In a press release published by the Wall Street Journal this morning, the clothing outlet Gap Inc. announced in an all-employee call a wage increase, which may set a trend in pay for retail employees across the nation. The full increase to $10 an hour for Gap workers does not go into effect until 2015, but the effect of the announcement on the debate about the right levels of compensation for American workers will show up much sooner.
President Obama praised the decision. The President signed a wage increase for federal employees last week, and he endorsed a bill in Congress which would set a federal minimum wage of $10.10, up from $7.25 per hour, by 2016. The majority of Republican lawmakers do not support the increase.
Pay for hourly workers has been reported on frequently in the last months. Workers at fast-food outlets asking for higher wages protested in many cities across the nation last year and several states are currently having debates about raising minimum wages for their population.

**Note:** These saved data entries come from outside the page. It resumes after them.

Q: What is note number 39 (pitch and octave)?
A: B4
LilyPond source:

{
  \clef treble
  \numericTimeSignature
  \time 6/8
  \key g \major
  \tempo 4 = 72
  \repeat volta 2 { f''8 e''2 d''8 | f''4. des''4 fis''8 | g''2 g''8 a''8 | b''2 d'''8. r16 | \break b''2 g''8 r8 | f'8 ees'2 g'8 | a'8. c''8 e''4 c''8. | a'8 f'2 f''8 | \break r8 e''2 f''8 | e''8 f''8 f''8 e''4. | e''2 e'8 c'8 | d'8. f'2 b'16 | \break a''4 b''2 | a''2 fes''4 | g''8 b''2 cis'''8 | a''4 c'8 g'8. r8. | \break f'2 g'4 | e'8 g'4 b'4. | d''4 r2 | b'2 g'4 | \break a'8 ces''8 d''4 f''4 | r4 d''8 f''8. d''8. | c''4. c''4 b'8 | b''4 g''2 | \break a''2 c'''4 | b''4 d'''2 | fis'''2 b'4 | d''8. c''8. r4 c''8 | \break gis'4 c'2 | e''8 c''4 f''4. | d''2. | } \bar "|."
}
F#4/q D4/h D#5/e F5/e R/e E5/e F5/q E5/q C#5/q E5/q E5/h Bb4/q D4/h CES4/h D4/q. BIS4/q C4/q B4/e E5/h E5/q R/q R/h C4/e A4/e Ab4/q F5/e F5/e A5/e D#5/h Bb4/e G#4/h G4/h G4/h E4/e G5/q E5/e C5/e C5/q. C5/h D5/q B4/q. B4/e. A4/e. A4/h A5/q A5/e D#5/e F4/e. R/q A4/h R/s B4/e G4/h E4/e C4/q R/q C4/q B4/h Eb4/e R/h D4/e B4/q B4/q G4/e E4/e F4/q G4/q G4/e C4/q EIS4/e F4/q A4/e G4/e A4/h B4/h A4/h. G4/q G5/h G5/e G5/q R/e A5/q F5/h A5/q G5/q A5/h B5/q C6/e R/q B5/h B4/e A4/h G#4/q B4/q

The retail industry in the U.S. represents close to 42 million people, a quarter of the labor market, and the decisions made by the CEOs and CFOs of these companies regarding wages and compensation will have a long lasting effect on jobs and prosperity in the coming years.

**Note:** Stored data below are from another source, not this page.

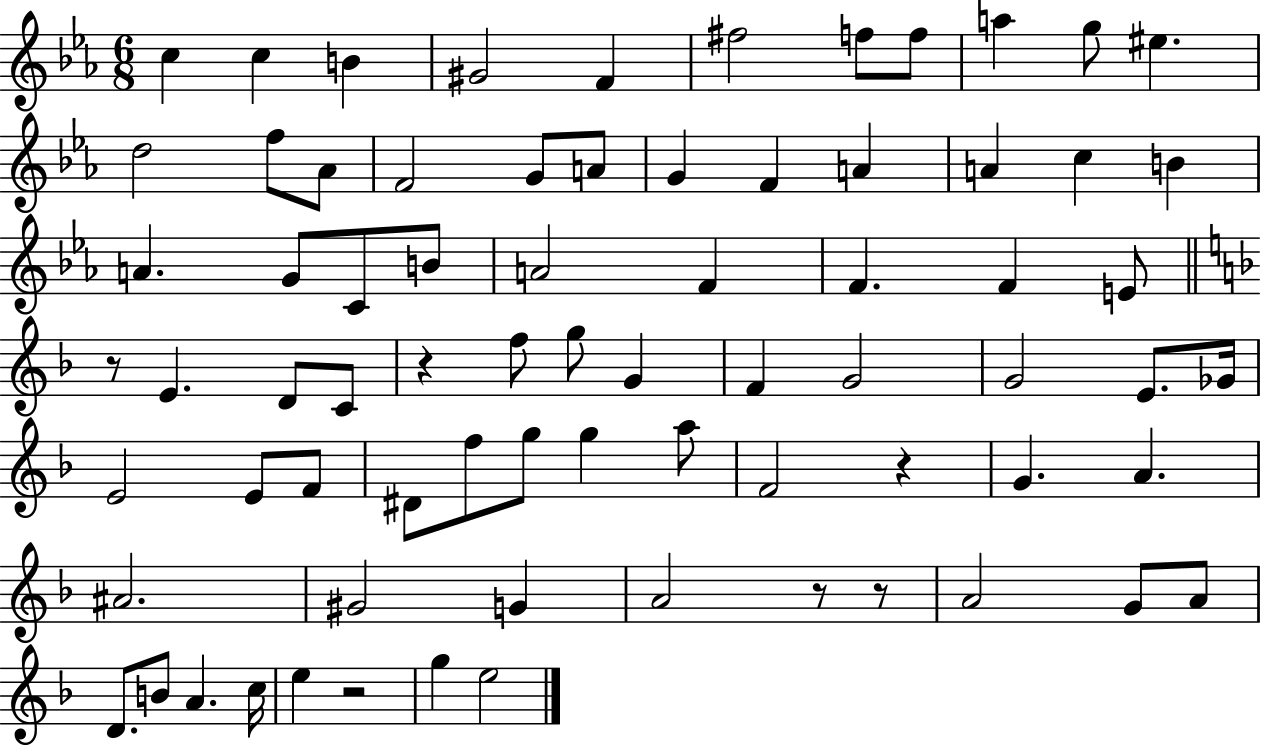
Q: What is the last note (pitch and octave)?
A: E5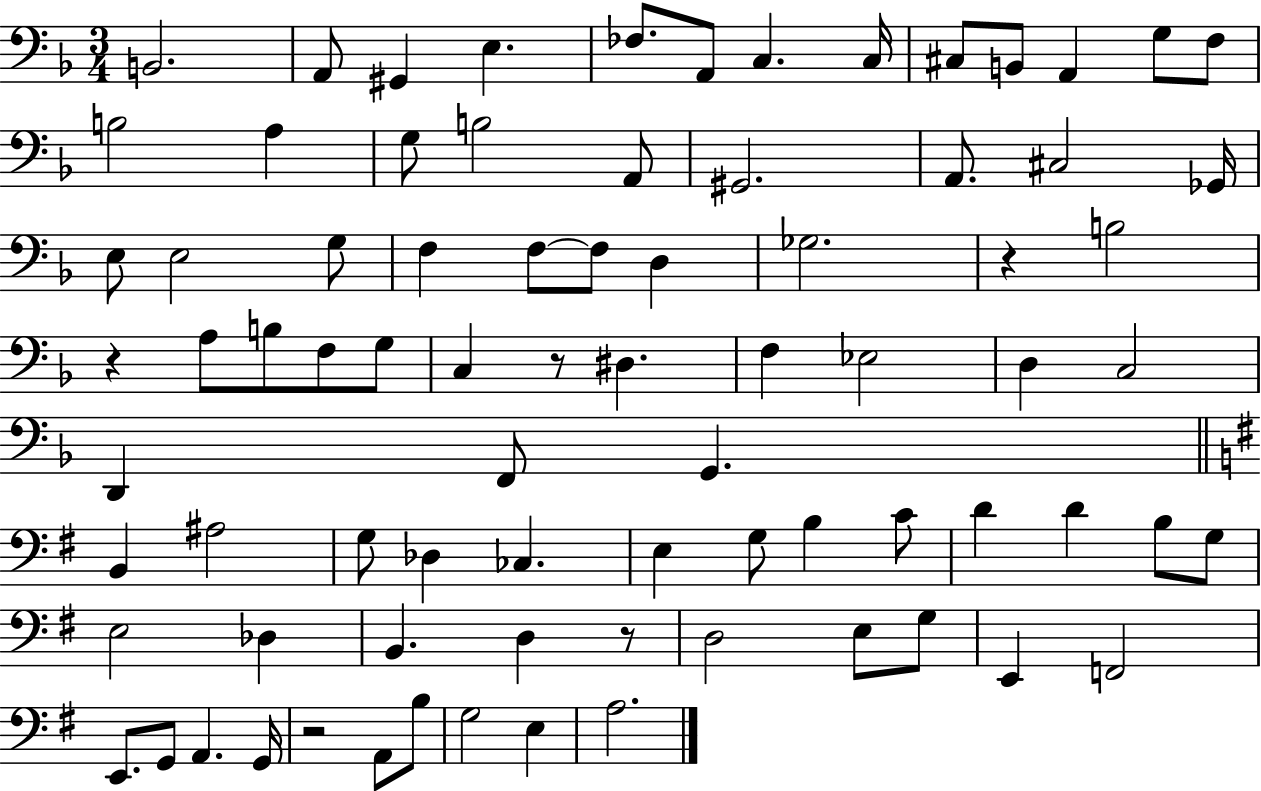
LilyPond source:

{
  \clef bass
  \numericTimeSignature
  \time 3/4
  \key f \major
  b,2. | a,8 gis,4 e4. | fes8. a,8 c4. c16 | cis8 b,8 a,4 g8 f8 | \break b2 a4 | g8 b2 a,8 | gis,2. | a,8. cis2 ges,16 | \break e8 e2 g8 | f4 f8~~ f8 d4 | ges2. | r4 b2 | \break r4 a8 b8 f8 g8 | c4 r8 dis4. | f4 ees2 | d4 c2 | \break d,4 f,8 g,4. | \bar "||" \break \key g \major b,4 ais2 | g8 des4 ces4. | e4 g8 b4 c'8 | d'4 d'4 b8 g8 | \break e2 des4 | b,4. d4 r8 | d2 e8 g8 | e,4 f,2 | \break e,8. g,8 a,4. g,16 | r2 a,8 b8 | g2 e4 | a2. | \break \bar "|."
}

The National Retail Federation (NRF) is lobbying against a hike in the minimum wage. They claim the increase would force owners to raise prices, reduce their workforce, or both. Maybe leadership at Gap Inc. has set a trend of ignoring this alarming rhetoric, which seems to come up whenever wage increases for retail workers is discussed.
It is not without some sense of trepidation however, that owners make the decision to raise wages. Retailer profit margins are often relatively narrow. To stay in competition they must balance their total cost of doing business, which includes employee wages, against their total sales to ensure they remain healthy in the marketplace.

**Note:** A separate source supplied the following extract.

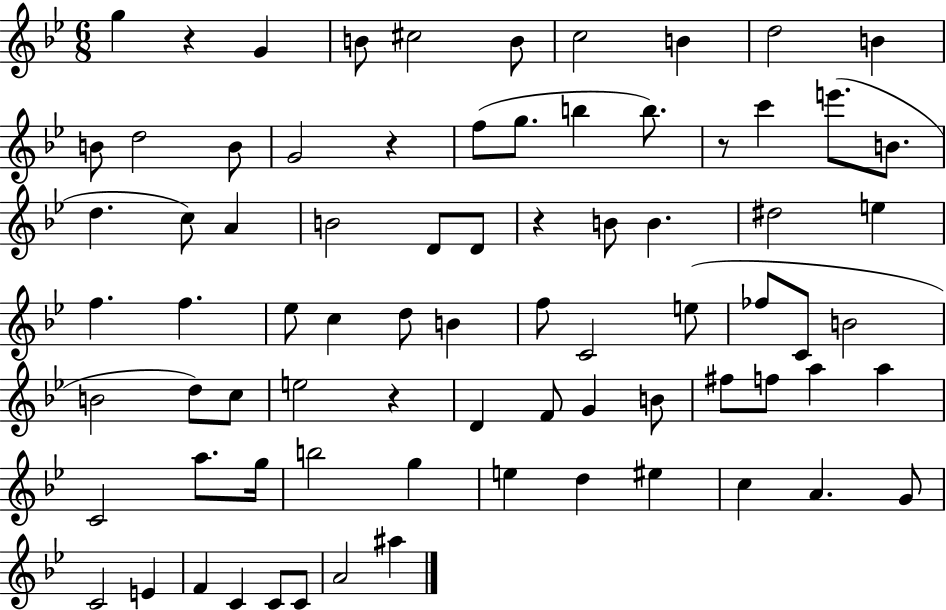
G5/q R/q G4/q B4/e C#5/h B4/e C5/h B4/q D5/h B4/q B4/e D5/h B4/e G4/h R/q F5/e G5/e. B5/q B5/e. R/e C6/q E6/e. B4/e. D5/q. C5/e A4/q B4/h D4/e D4/e R/q B4/e B4/q. D#5/h E5/q F5/q. F5/q. Eb5/e C5/q D5/e B4/q F5/e C4/h E5/e FES5/e C4/e B4/h B4/h D5/e C5/e E5/h R/q D4/q F4/e G4/q B4/e F#5/e F5/e A5/q A5/q C4/h A5/e. G5/s B5/h G5/q E5/q D5/q EIS5/q C5/q A4/q. G4/e C4/h E4/q F4/q C4/q C4/e C4/e A4/h A#5/q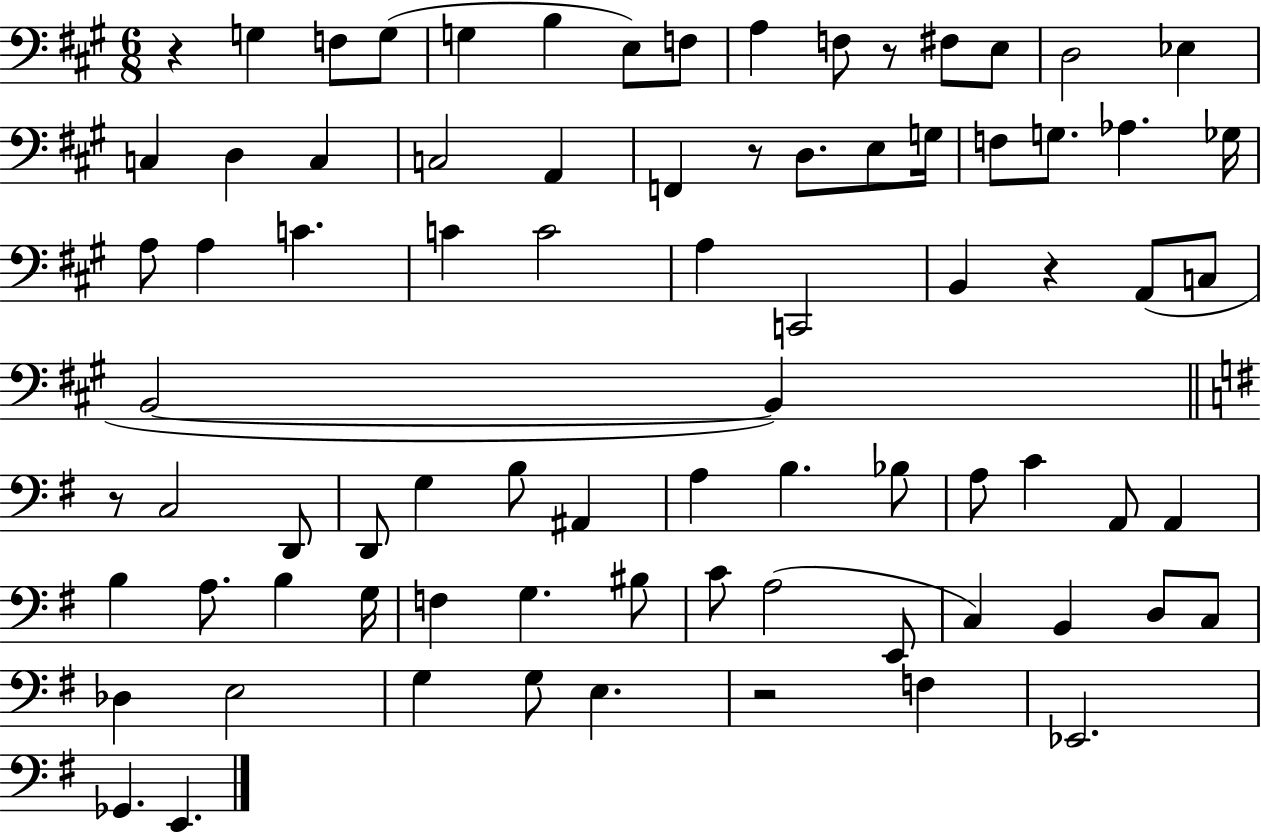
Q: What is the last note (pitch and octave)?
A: E2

In 2013, for example, Gap Inc. had sales of $15.65 billion less costs of $14.51 billion, leaving a net income of approximately $1.2 billion for the year. Thousands of employees getting a larger than 30 percent pay raise (assuming a jump from $7.25 to $10.00) will increase the company’s costs by no small amount, but the Gap has decided to do it anyway.
Reports indicate that other retail stores, including three of the biggest players, Target, Sears, and Walmart, are considering the impact raising wages for employees would have on their bottom line. It seems likely they will also need to balance those considerations against the impact negative public sentiment would have if they decide against distribution of a larger share of profits to working people.
The decision to invest in front-line employees will directly support the business, said CEO Murphy, and “is one that we expect to deliver a return many times over.” A retail store with the forward thinking view that Gap Inc. today made clear it has, may set a trend for increased wages in any industry with an eye to the future. Annual gross income at the retailer has exceed $5 billion for the last five years, in 2013 it was $6.5 billion.